Today we will try to find out what kind of thinking is correct during the opening, conclusion and closing of a deal.
Any operator faces these three stages, but not all of them know how to behave correctly, and therefore mistakes are made.
Before opening a deal…
Whenever you find an entry point that matches the rules of your trading strategy, you should think about the following important points:
* Determine the level to set the stop loss.
There is no need to set a smaller stop loss due to greed. You must have a stop loss strategy that is based on the highs or lows of the price, on the levels, because these values are really important and it will be much more difficult for the price to pass the level, this will protect your position and your stop loss from a premature closure.
* You must be able to accept losses.
Before each trade you need to remember that a trade may not be profitable as nothing is 100% on the market. Remember this every day. Remember that setups don’t always work, and then you won’t lose more by rearranging the stop loss or not putting it at all in the hope that the setup will definitely work.
* It takes time.
The deal does not reach the finish line in a minute. The market will move in different directions, and you should be able to not react to every move and give the deal time. Many people forget, but due to constant market monitoring and reactions to every move, traders make mistakes and lose money. You have to be able to wait, understand this. Let the deal work and don’t interfere.
Position is open!
The most interesting starts here!
And it is here that a lot of unnecessary mistakes are made.

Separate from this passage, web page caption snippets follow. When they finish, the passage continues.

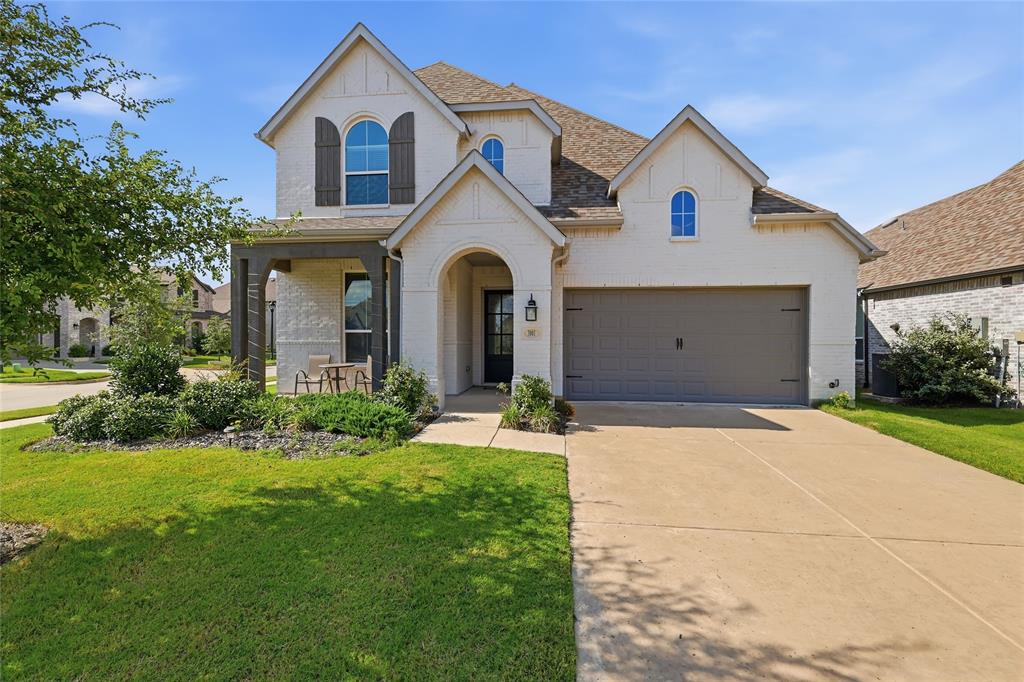 3001 Milton Drive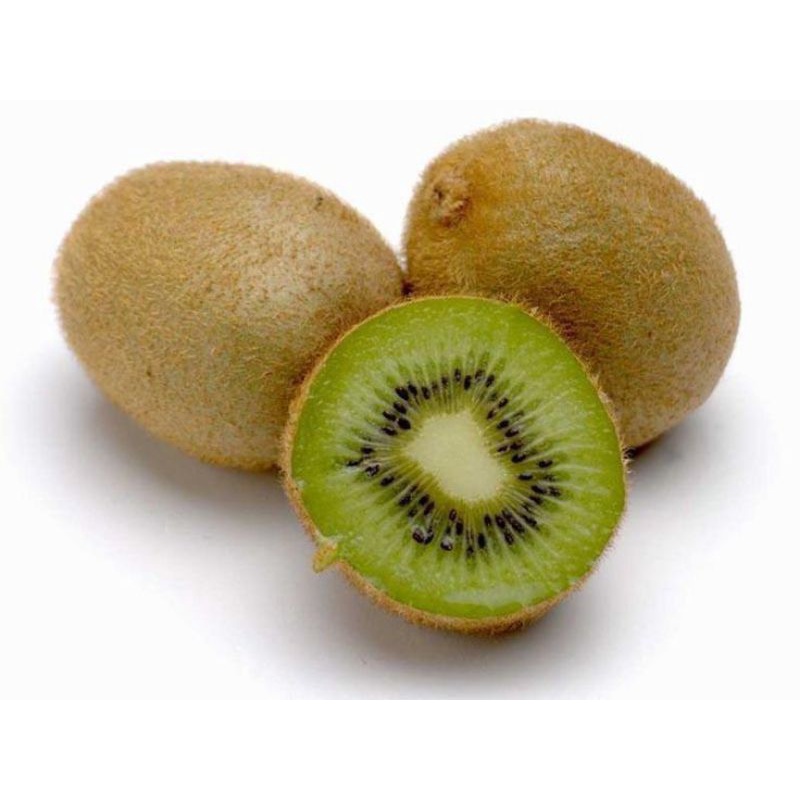

Kiwi Hijau Segar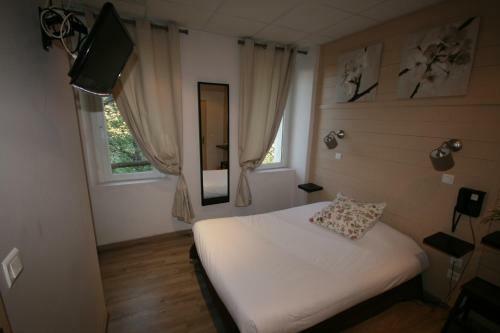 Hotel Le Relais De La Cal�che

* The market must prove you wrong.
After opening a position, the set stop loss will be the level at which it will be clear that you were wrong. You should leave the open position alone and let the price prove you right or give you the wrong opinion. Touching the take profit price will mean that you were right, there is no stop loss.

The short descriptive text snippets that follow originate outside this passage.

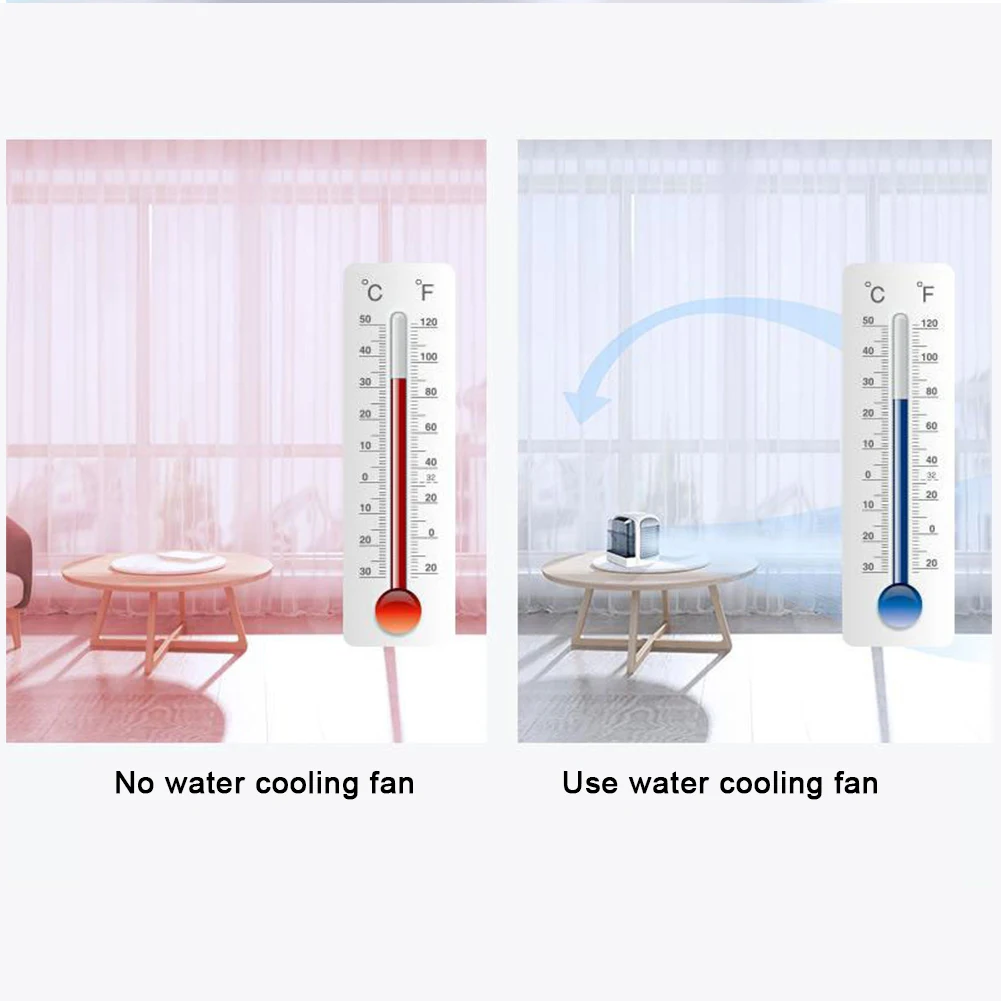 저렴한 책상 휴대용 USB 분무 팬 LED 야간 조명 3-속도 380ml 물 탱크 가습기 미스터 팬, 홈 액세서리 용품 구매 책상 휴대용 USB 분무 팬 LED 야간 조명 3-속도 380ml 물 탱크 가습기 미스터 팬, 홈 액세서리 용품
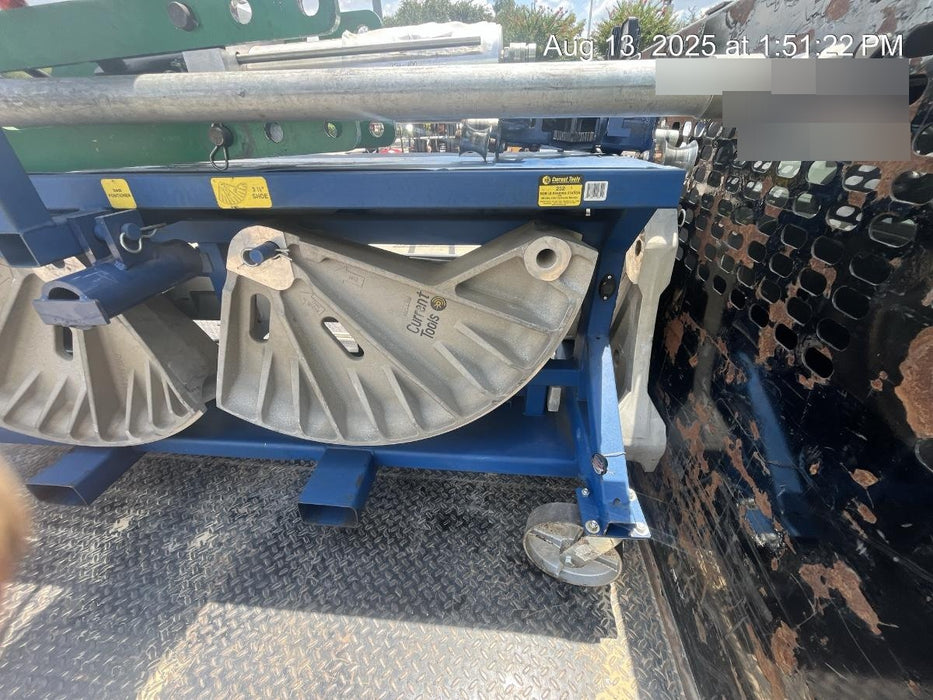 2020 CURRENT TOOLS 252-CT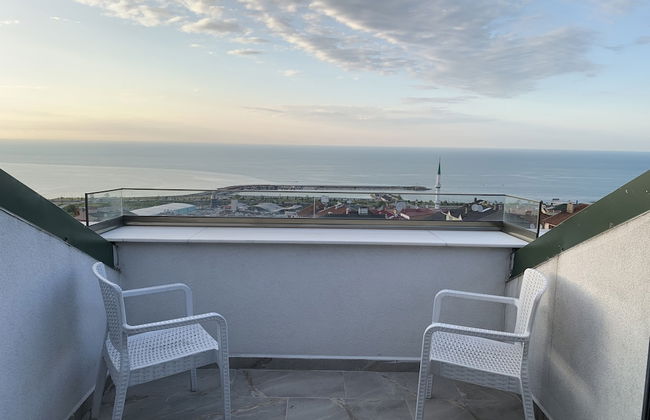 White Golden Suite Hotel - Foto 18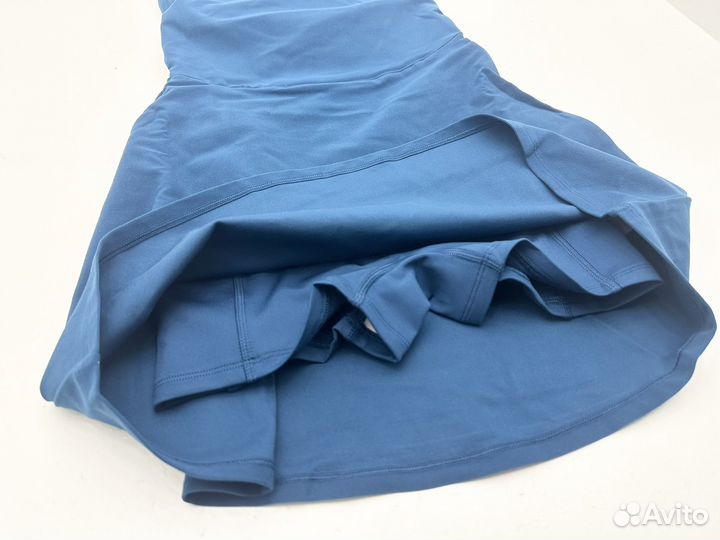 Alo Yoga платье в наличии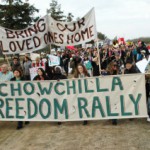 San Francisco Bay ViewStatewide Rally to Shut Down New McFarland Women’s Prison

* Constant monitoring of the situation.
If you are still following every move, then most likely you will react to false price fluctuations and sooner or later close the position. You may get tired of seeing the price move and eventually make a mistake.
You can check your offer once or twice a day, but no more.
You must act according to your strategy, which gave the signal to open a position. Let the strategy work and do not interfere.
Closing a position
It does not matter whether the deal was profitable or not, it is important to rest after it, stop, put their thoughts in order.
It is difficult, after closing a position, to return to the market for a new setup, especially if the transaction was profitable. After all, they lead to excessive self-confidence, which leads you to open bad deals in large numbers.
After a losing trade, you always want to quickly get back into the market to recover. It’s a big mistake. Opening deals that are based on the desire to recover what was lost is a chasm within the chasm. Emotionally, you rush to open a deal, open bad signals and lose even more, and so on and so on. You have to understand that losing money in the market is normal, you don’t have to run to get it back. Learn to accept losses.
The only thing you need to do after closing any position is to be disciplined and stick to the trading strategy. The easiest way is to simply leave the market and walk away from the chart for a while.
It is very important to remember that you need to be able to save money. If you have earned something, withdraw a part at the end of the month, let it be the reward from him, which will give you self-confidence and make you a calmer trader in the long run.